Exercise instructions = For this exercise, return only the lines in the records below from the one holding "Spacious buffet dining" through the one holding "Pink Organza Lace", including both, exactly as they appear and without pictures.

[Data to process — start]

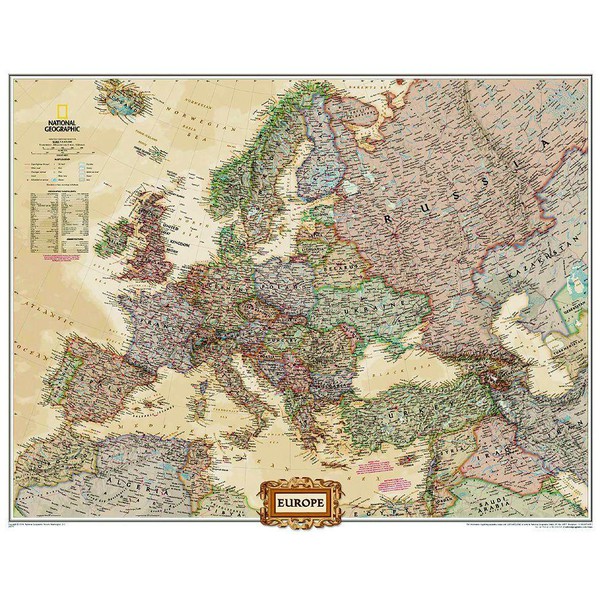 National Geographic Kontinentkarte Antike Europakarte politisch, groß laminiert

[Data to process — finish]
[Data to process — start]

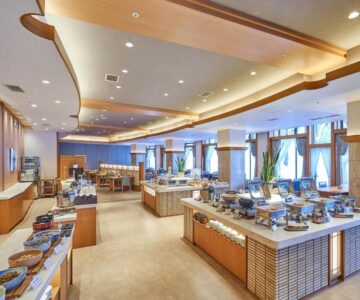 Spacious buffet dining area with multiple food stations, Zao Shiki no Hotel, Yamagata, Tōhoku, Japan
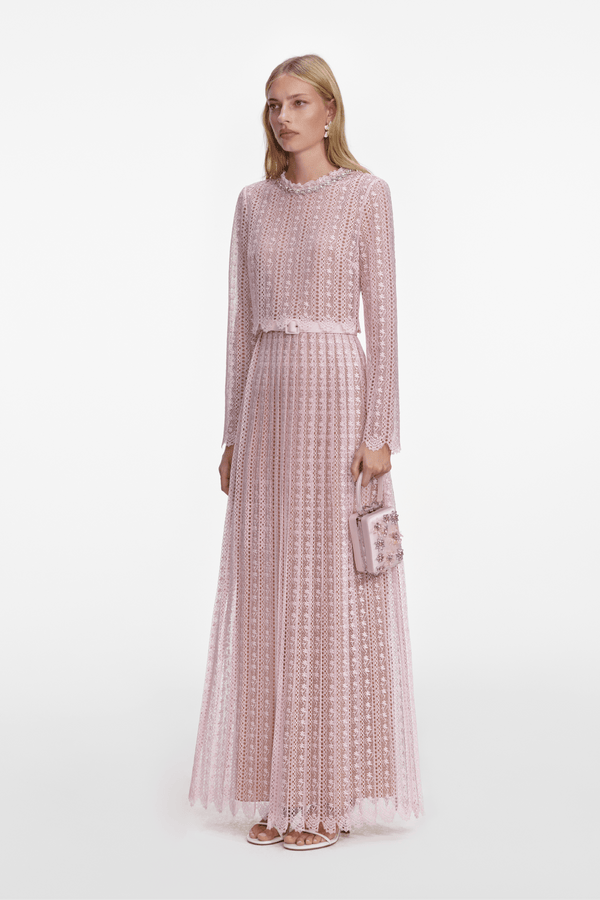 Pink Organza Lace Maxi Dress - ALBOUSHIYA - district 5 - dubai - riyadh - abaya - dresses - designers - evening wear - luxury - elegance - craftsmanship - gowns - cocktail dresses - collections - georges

[Data to process — finish]

Exercise result =
 Spacious buffet dining area with multiple food stations, Zao Shiki no Hotel, Yamagata, Tōhoku, Japan
 Pink Organza Lace Maxi Dress - ALBOUSHIYA - district 5 - dubai - riyadh - abaya - dresses - designers - evening wear - luxury - elegance - craftsmanship - gowns - cocktail dresses - collections - georges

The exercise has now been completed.